Also, once there was a civilization which kept its own history, folks would notice its period was 163.75 or whatever years.

I wonder how many of the stories would be affected by its color? It would appear to be a bright, glowing red. ("brown dwarves" look red; "red dwarves" look white.)

How much heat it would provide is a good question. When the Earth is between the Sun and its companion, nights would be warmer; when the Sun is between the Earth and its companion, days would be warmer (though not by as much) and nights wouldn't be warmer. Could this either moderate or exaggerate the seasons?

I still think it would break Uranus up into an additional asteroid belt. I still don't know what it would do to Saturn.

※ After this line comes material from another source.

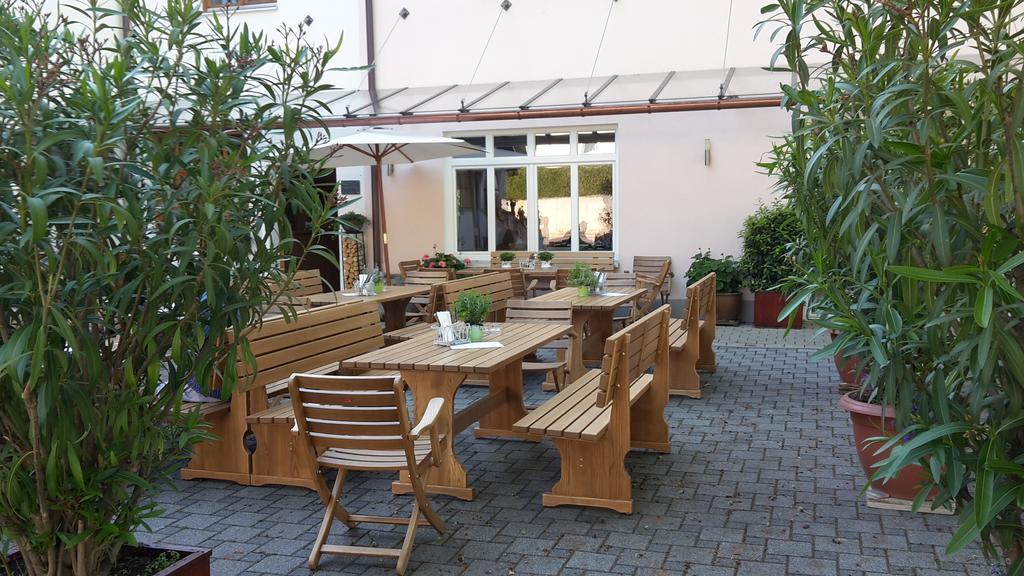 Gasthaus und Hotel Göttler Josef Rumeltshausen Exterior foto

And a lot of that is still guessing.

As for the cultural influence, would it be the King of the 'wandering stars'? The enemy brother of the Sun2, waiting to rise the army of the gods against him?
The only differences an Earth-bound observer could detect between the brown-dwarf companion and any other visible planet are; it has a longer period than any of them, and it shines with its own visible light instead of reflected light.
So, in a way, it would be the "king of the planets", just as you said.
I don't see, though, why they would classify it with the sun and the moon, rather than as the most special planet; maybe they would if it gave enough light to read by during the night?
My own thinking is that it could be a drop of the Sun's blood from some time in the past when the Sun suffered a (minor? at any rate non-fatal) wound (since healed?).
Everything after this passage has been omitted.